*Short text fragments from websites*:
■ ■ ■
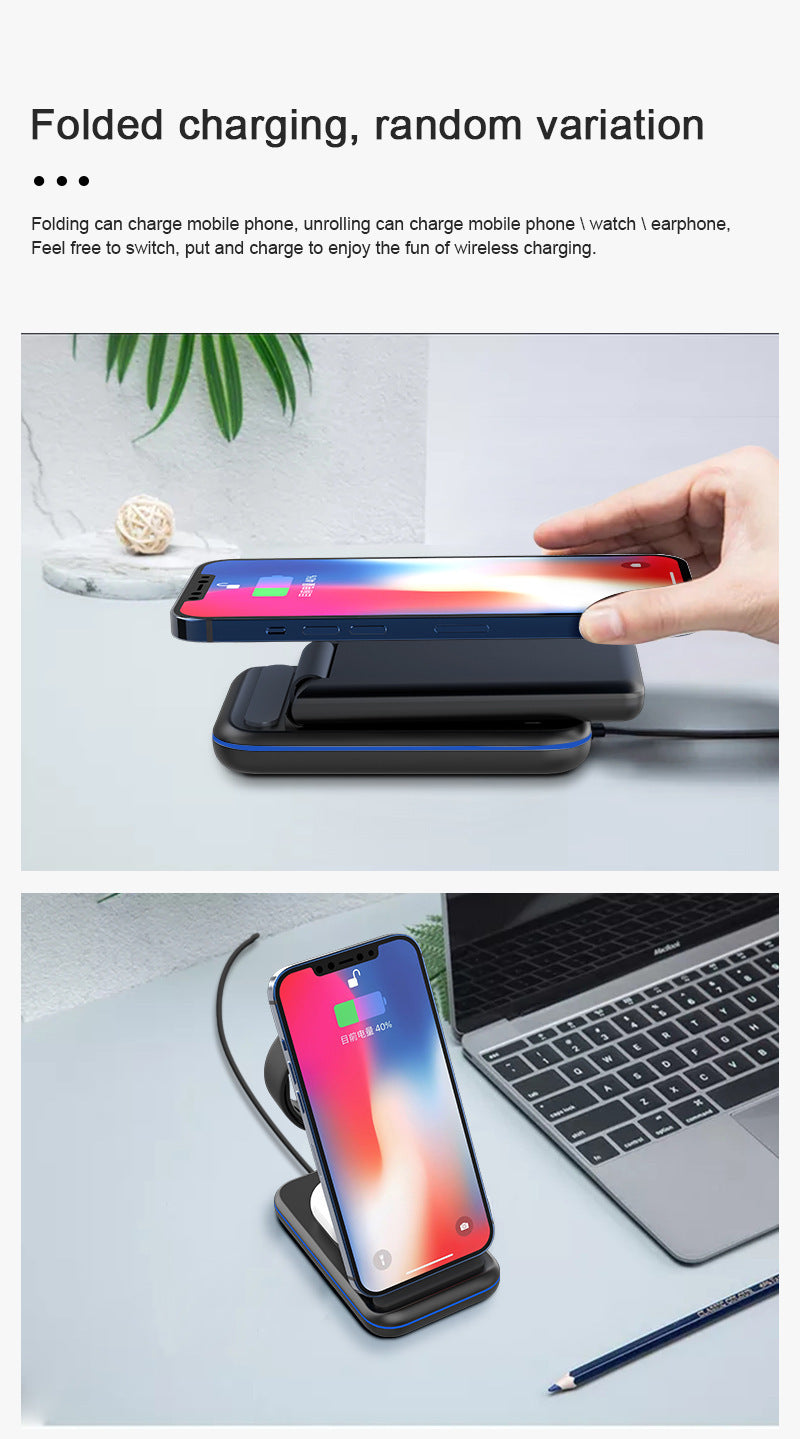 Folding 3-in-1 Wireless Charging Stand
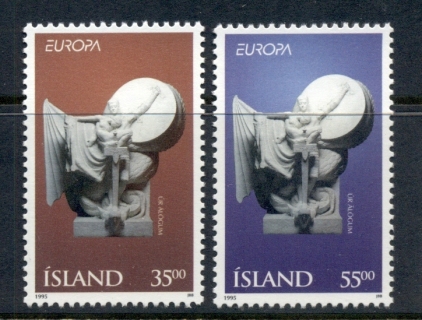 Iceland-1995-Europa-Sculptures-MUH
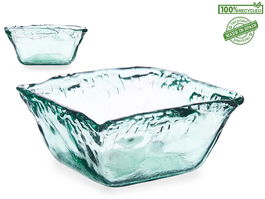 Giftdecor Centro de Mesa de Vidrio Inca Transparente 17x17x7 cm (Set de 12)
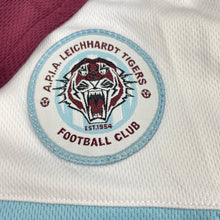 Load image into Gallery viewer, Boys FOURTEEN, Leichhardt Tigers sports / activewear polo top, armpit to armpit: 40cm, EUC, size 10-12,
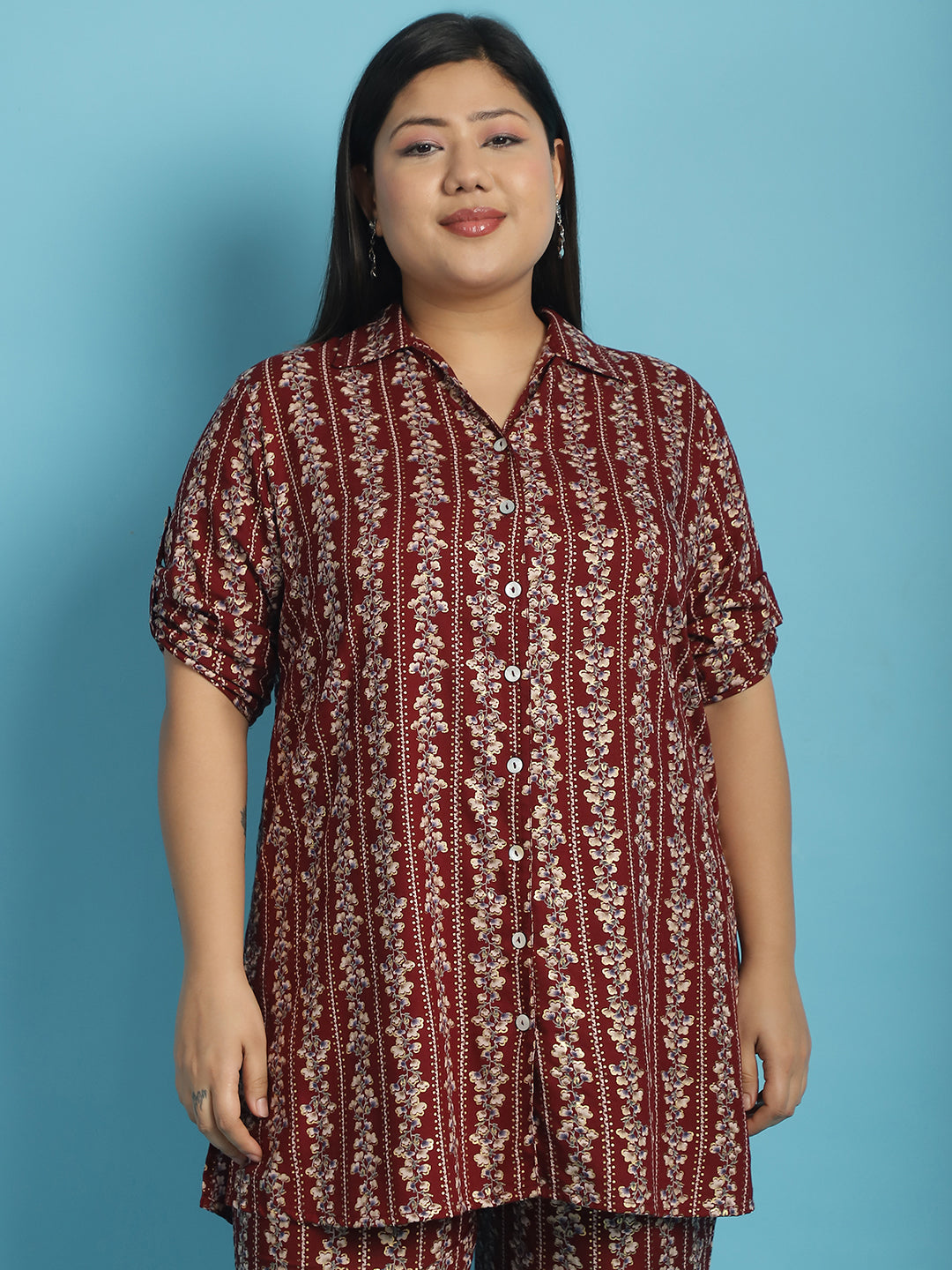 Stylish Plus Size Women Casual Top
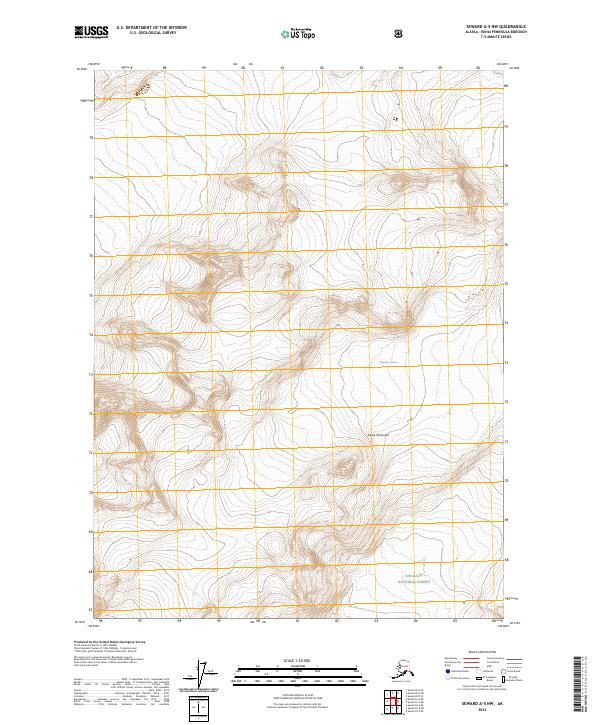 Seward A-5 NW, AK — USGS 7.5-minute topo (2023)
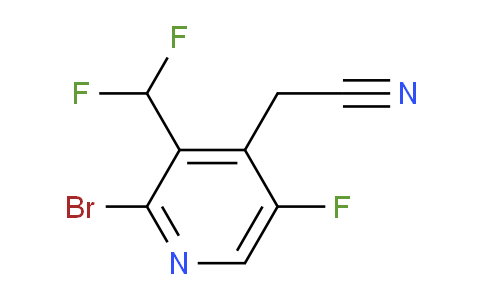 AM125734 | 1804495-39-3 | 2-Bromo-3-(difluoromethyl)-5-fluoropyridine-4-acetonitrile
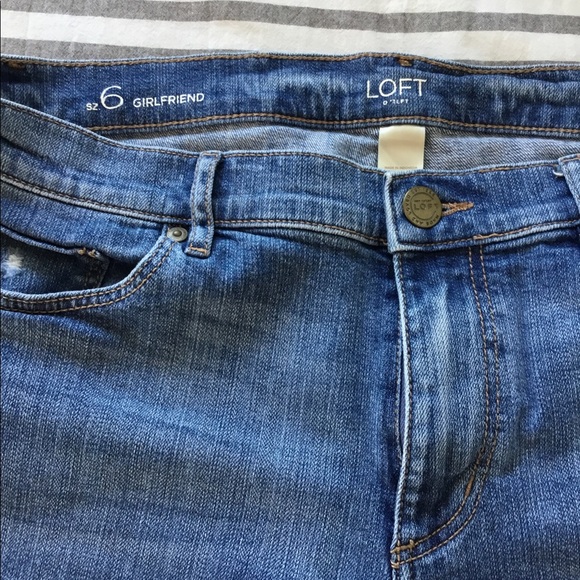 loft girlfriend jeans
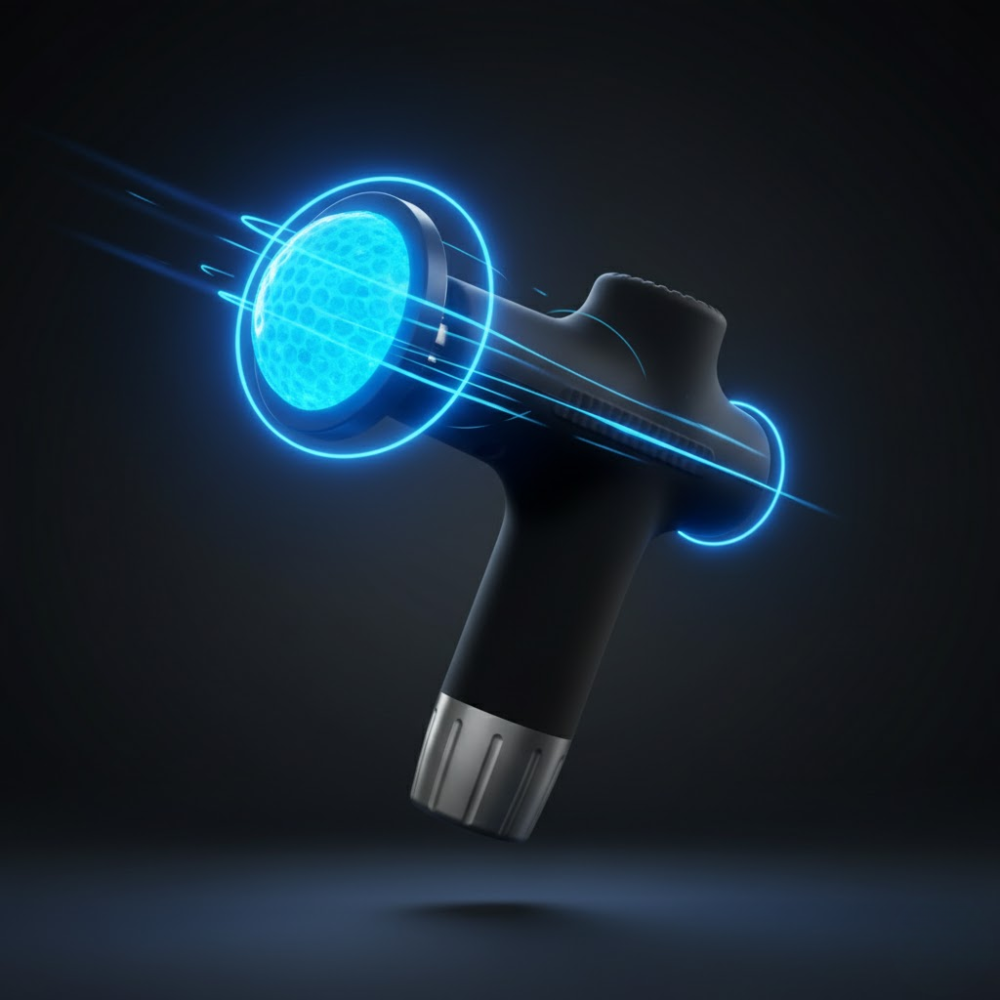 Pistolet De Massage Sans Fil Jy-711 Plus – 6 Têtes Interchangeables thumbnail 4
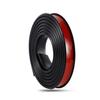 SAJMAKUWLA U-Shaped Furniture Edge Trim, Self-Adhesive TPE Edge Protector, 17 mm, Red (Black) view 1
■ ■ ■
*Exercise prompt*:
Print the records above exactly as they stand, but leave out the pictures.

*Written response*:
 Folding 3-in-1 Wireless Charging Stand
 Iceland-1995-Europa-Sculptures-MUH
 Giftdecor Centro de Mesa de Vidrio Inca Transparente 17x17x7 cm (Set de 12)
 Load image into Gallery viewer, Boys FOURTEEN, Leichhardt Tigers sports / activewear polo top, armpit to armpit: 40cm, EUC, size 10-12,
 Stylish Plus Size Women Casual Top
 Seward A-5 NW, AK — USGS 7.5-minute topo (2023)
 AM125734 | 1804495-39-3 | 2-Bromo-3-(difluoromethyl)-5-fluoropyridine-4-acetonitrile
 loft girlfriend jeans
 Pistolet De Massage Sans Fil Jy-711 Plus – 6 Têtes Interchangeables thumbnail 4
 SAJMAKUWLA U-Shaped Furniture Edge Trim, Self-Adhesive TPE Edge Protector, 17 mm, Red (Black) view 1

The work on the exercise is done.